This is why national house construction numbers can often be misleading. The crisis of unaffordable houses is mostly centred on places like London, Oxford, Cambridge and the rest of the South East. People want to live where the jobs are. (As it happens, an older Policy Exchange paper recognised this, suggesting policies designed to make it easier for people to move from North to South.)

Spreading housing development around the country will hence end up doing much less than we might hope. If your problem is a housing shortage in London, building more in Hull won't help much.

A second problem is that building entirely new villages is expensive, because of the new infrastructure that needs to be built. The report suggests paying for this with levies on the new builds, which just reduces the downward pressure on prices these houses would have. Building all that extra infrastructure is needless when there is already so much empty land around existing train stations to be built on in the South East (enough for one million homes!), where there really is demand for new housing.

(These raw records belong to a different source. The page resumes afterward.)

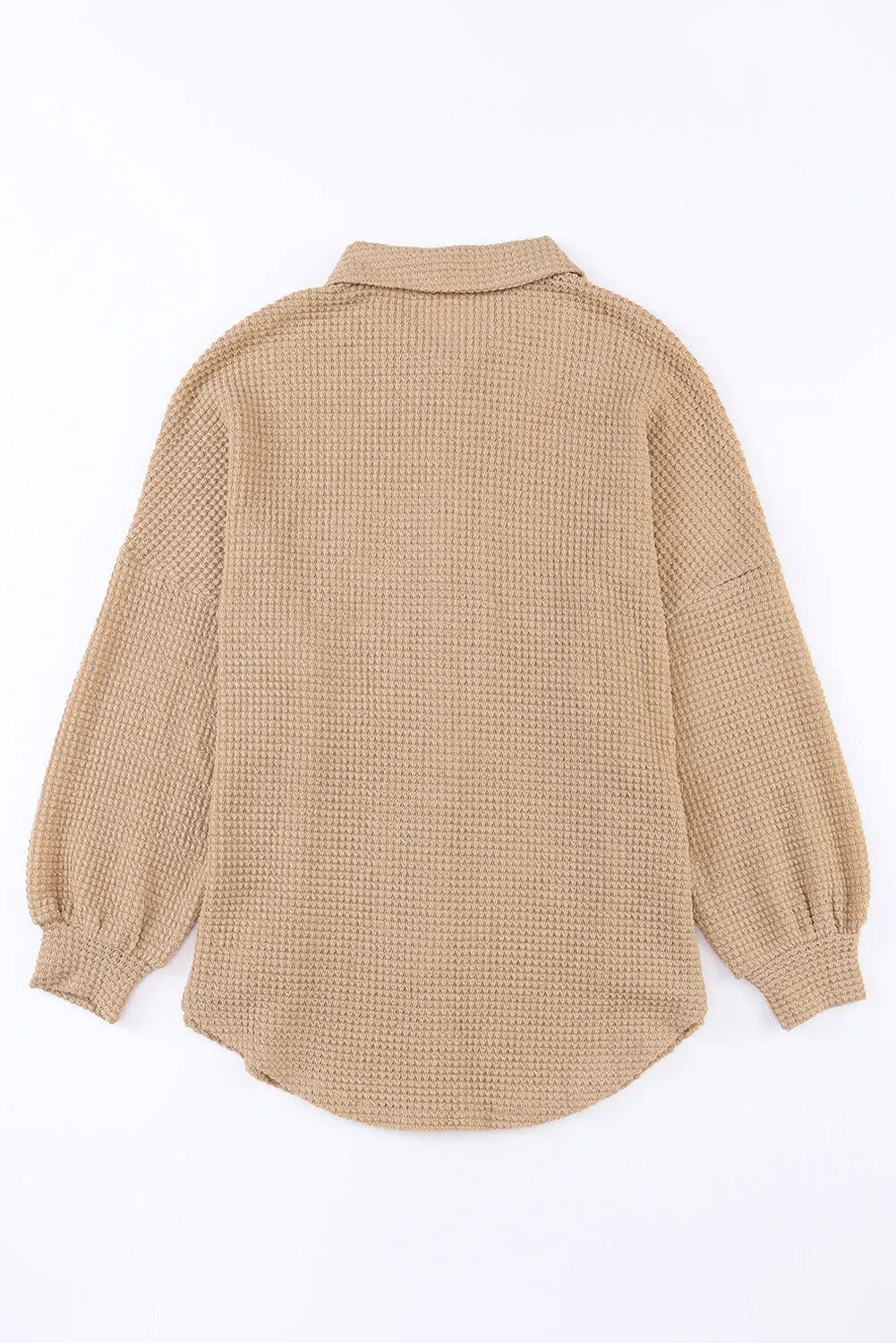 Khaki Waffle Knit Button Up Casual Shirt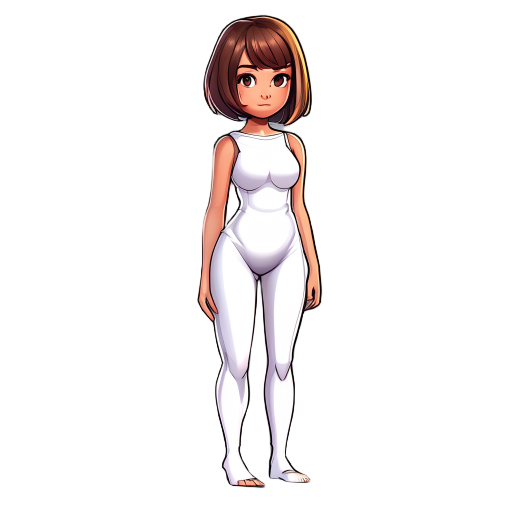 short brown hair bob haircut girl in white bodycon jumpsuit, right side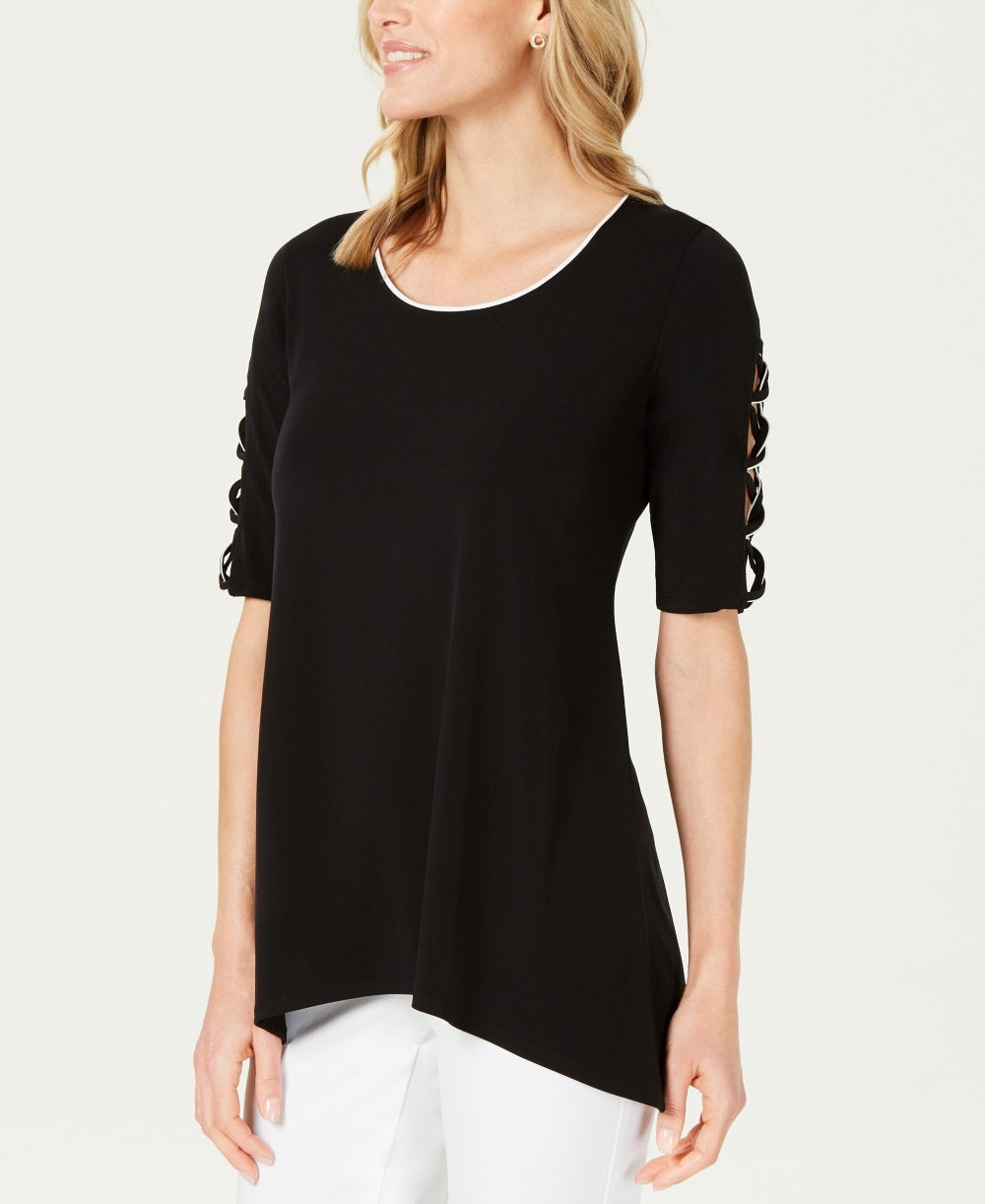 JM Collection Women's Piped Open Sleeve Top Black Size Medium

I also wonder how much people want to live in villages which really would be very small. At the UK average household size of 2.4, we’re talking about villages of 7,200 people, far enough from existing towns that those residents won’t object to them. As someone who grew up outside an Irish town with a population of 6,666 (seriously), take it from me – these places can be a little dull.

There are 138 authorities in London and the home counties. Building new homes there – even if they had to be in new villages – would be better than nothing, although I don’t know how you’d go about building new villages in central London. Building new homes in places like Scunthorpe and rural Cornwall would be a lot less good, and policies that do not recognise that will distract us from what we really need to do.

Maybe there’s no such thing as a bad policy that results in more housing, but is it too much to ask that they also be houses that people want to live in, in places they want to live?